Jarvis got his first programming chops, working for Atari, where he programmed some of their pinball games, including Steve Ritchie's Airborne Avenger and Superman, the latter title was was released after Ritchie left Atari to join Williams. Eventually, Jarvis joined Williams in 1979, where he programmed Ritchie's 1980 hit pinball game, Firepower, the first solid-state electronic pinball game to feature multi-ball.
Jarvis' games have almost always been about providing against-all-odds gameplay that puts the player into a situation made nearly impossible to overcome.

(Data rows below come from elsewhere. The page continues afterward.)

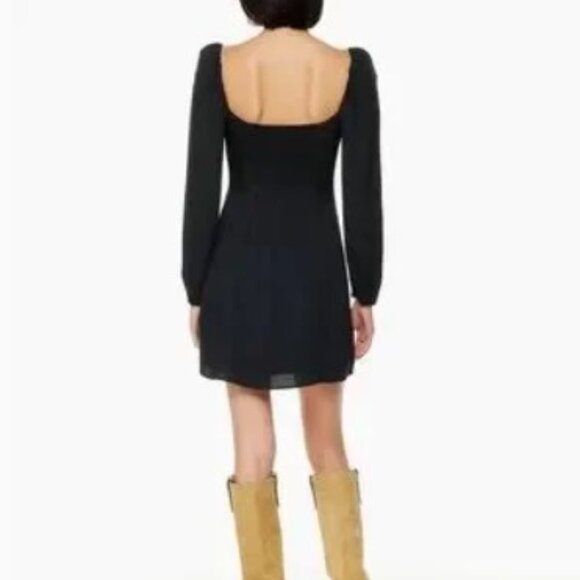 ARITZIA WILFRED Black Novella Mini Dress Long Sleeves In Sizes Small 4 - Picture 3 of 6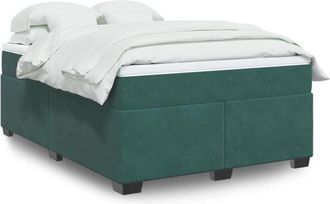 vidaXL Cama Box Spring Con Colch&oacute;n Terciopelo Verde Oscuro 140x190 Cm Vidaxl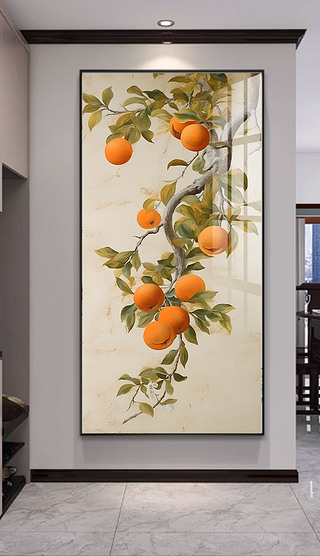 玄关装饰画现代轻奢走廊过道挂画事事如意柿子画壁画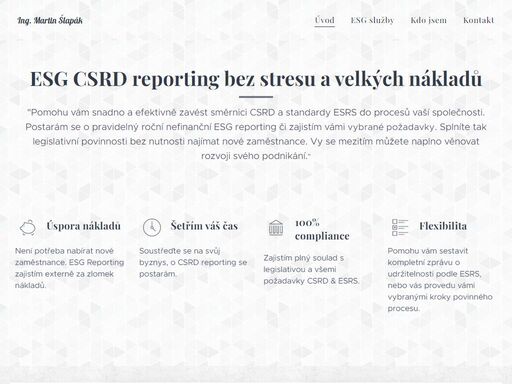 komplexní poradenství v oblasti esg reportingu dle směrnice csrd. pomůžeme vaší firmě s povinným nefinančním reportingem jednoduše a bez velkých nákladů.
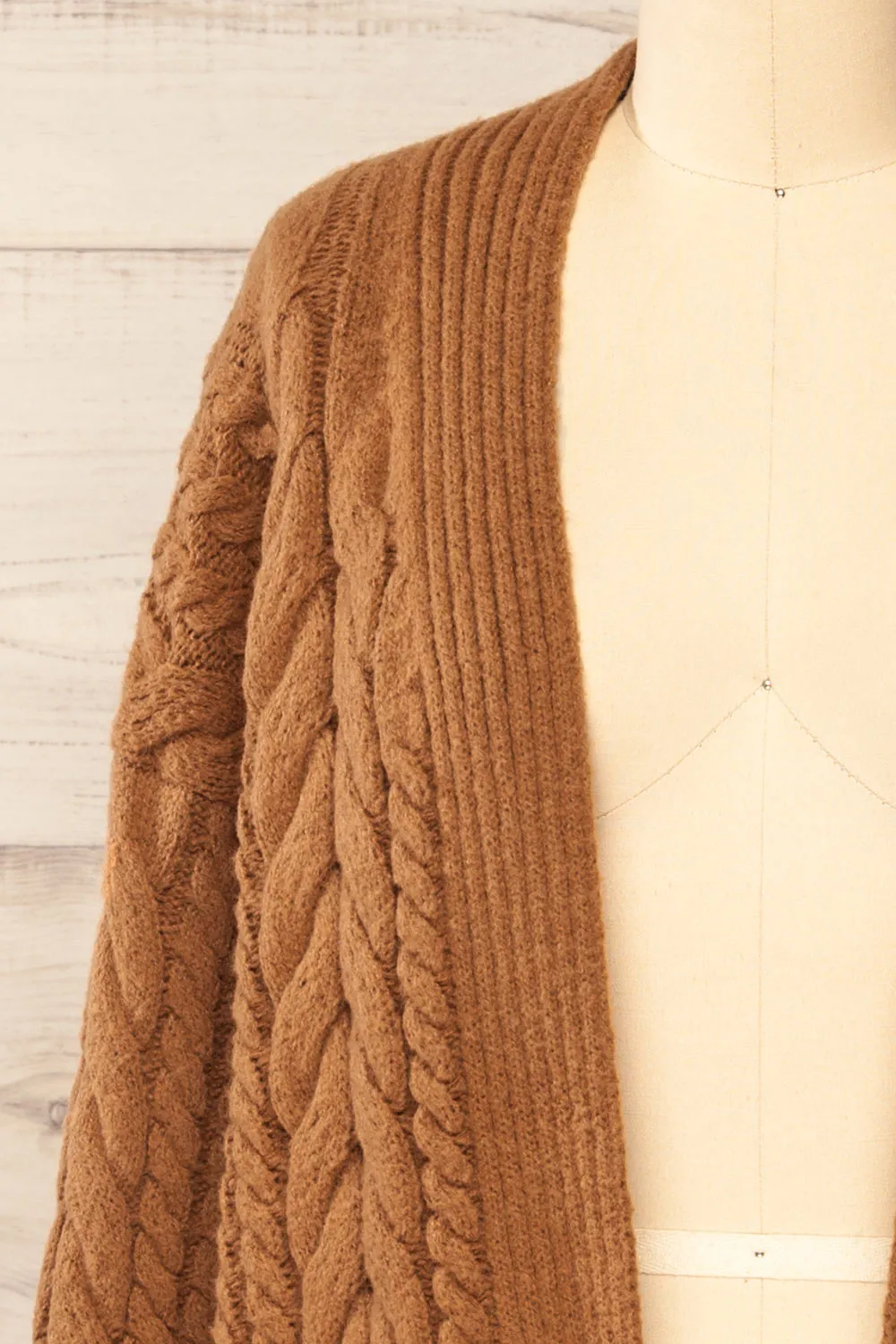 Valletta Caramel | Open Front Knit Long Cardigan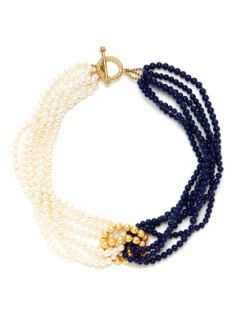 Pearl & Navy Blue Bead Multi Strand Necklace by KEP
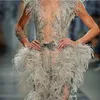 Robe de soirée Ziad nu Yousef aljasmi Kim kardashian V-Neck Feather orstrich Crystal Mermaid Almoda gianninaazar ZuhLair murad Ziadnakad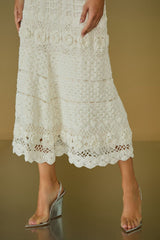 VESTIDO MIDI EMMA CROCHET OFF WHITE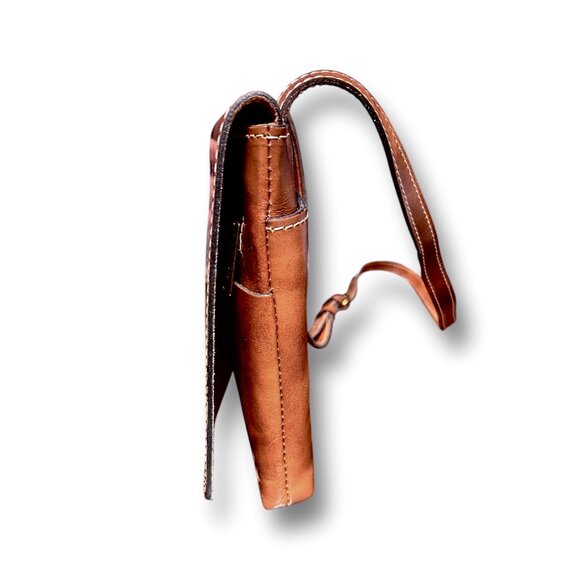 Patricia Nash Genuine Leather Signature Map Granada Riot Rust Cross Body Handbag - Picture 7 of 15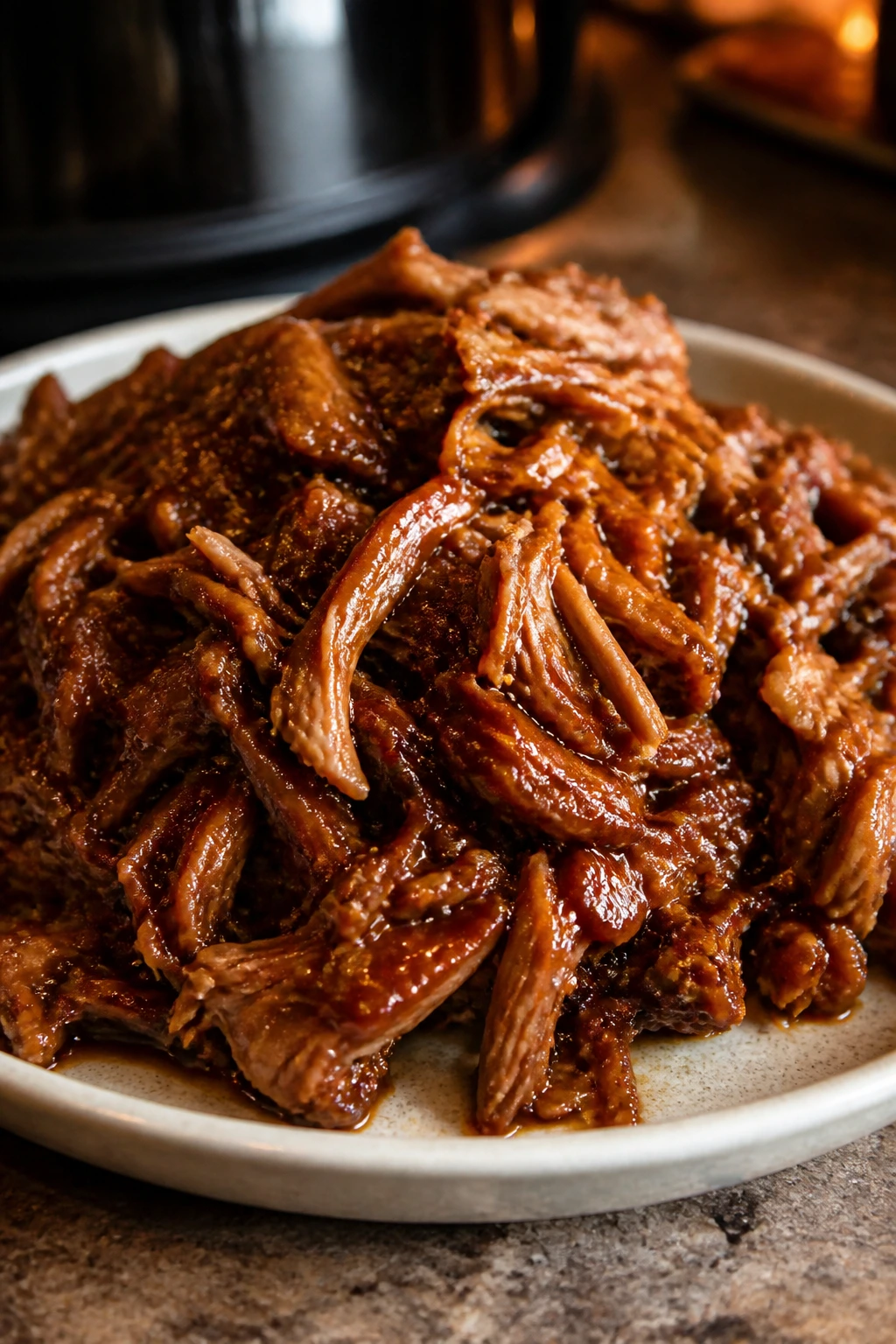 Pulled pork with BBQ sauce on a plate in a kitchen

His philosophy about gameplay was to make a game that kicks the player's ass and in doing so makes the players angry enough to get even with that cheap CPU. He was the first video game creator, or one of the first, to espouse this philosophy. That is what made his games popular and profitable. It helps that his games were pretty violent.
He always felt that CPU opponents should provide a challenge and be interesting. He felt that Space Invaders was too easy because it was just aliens marching downward and shooting as they move. They had a lack of individuality that should make them more interesting. He disliked the Artificial Stupidity in Space Invaders. Robotron best demonstrates his idea of gameplay: Each object has not only a different look but also different behaviors.
Jarvis is busy running his own arcade game developer outfit, Raw Thrills, best known for making Target: Terror, the Fast and the Furious arcade game series, and Big Buck Hunter Pro. Other Raw Thrills games include Guitar Hero Arcade, an arcade-ified version of Guitar Hero III, and H2Overdrive, a boat racer developed by the same guys behind the classic arcade racer Hydro Thunder. They also made a Light Gun shoot-em-up based on Terminator Salvation that managed to avoid the trap of The Problem with Licensed Games that the console game based on the film fell into.